2. Die Eidgenössische Finanzkontrolle kann nicht alljährlich sämtliche Ämter überprüfen. Es sind jetzt elf Flag-Ämter, und es kommen vielleicht noch einige dazu. Aber dort, wo Umsätze im freien Wettbewerb und im Markt erzielt werden oder wo die Ämter ein gewisses Volumen erreichen - als Beispiel wieder die Landestopographie, die heute über 100 Millionen Franken umsetzt -, sollte eben doch eine brauchbare Lösung gefunden werden. Denn die Konkurrenten sind in diesen Fällen Aktiengesellschaften, die eine Revisionsstelle haben.
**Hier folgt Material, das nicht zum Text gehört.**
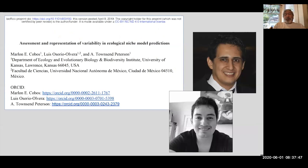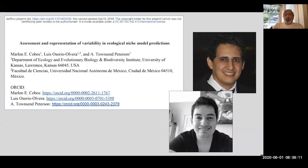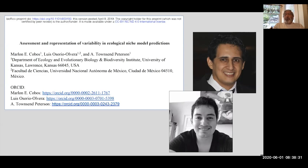Last, I want to show you some more advanced tools for evaluating model uncertainty. This is a paper — it's on bioRxiv — written by Marlon Cobos and Luis Osorio, with me as well. We initially submitted it for publication to a couple of journals, but there were too many conflicting reviewer opinions, so we put it on bioRxiv. These are interesting tools for representing variability in niche model predictions.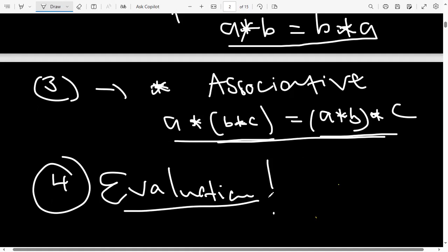Those are the basics of binary operations. If there are no questions, let's go ahead and solve some examples.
Ich finde, diese haben ein Anrecht darauf, dass ihre Mitbewerber nach den gleichen Kriterien geprüft werden. Die Landestopographie ist als KMU in einer solchen Situation. Da müssen wir zusammen mit der Finanzkontrolle einen Weg finden.

3. Es wird immer wieder gesagt, Flag sei ein Türöffner für alle möglichen Personalanliegen; man könne da eine autonome Personalpolitik betreiben. Eine Plausibilitätsüberlegung oder -prüfung zeigt eigentlich, dass in den Flag-Ämtern eine recht gute Personaldisziplin herrscht. Der durchschnittliche Personalbezug für alle 31 000 Mitarbeitenden des Bundes beträgt, wenn Sie die Gesamtlohnsumme durch die 31 000 Personen teilen - ich verweise auf das blaue Buch, das kann jedermann nachvollziehen -, 99 000 Franken pro Person und Jahr. Von den elf Flag-Ämtern befinden sich sieben in diesem Bereich, vier sind sogar darunter. Der Totalbestand der Bundesverwaltung hat seit 1999 zugenommen, in den Flag-Ämtern dagegen stagniert. Da kann also von einem Missbrauch keine Rede sein.

Die Kommission beantragt Ihnen, allen Rechnungen der Flag-Ämter zuzustimmen. Nachträge gibt es keine, das wäre ja systemwidrig, weil das Globalbudget ja gerade beinhaltet, dass man für die vier Jahre, für die das Leistungsvereinbarungsprinzip gilt, keine Nachträge beantragen kann.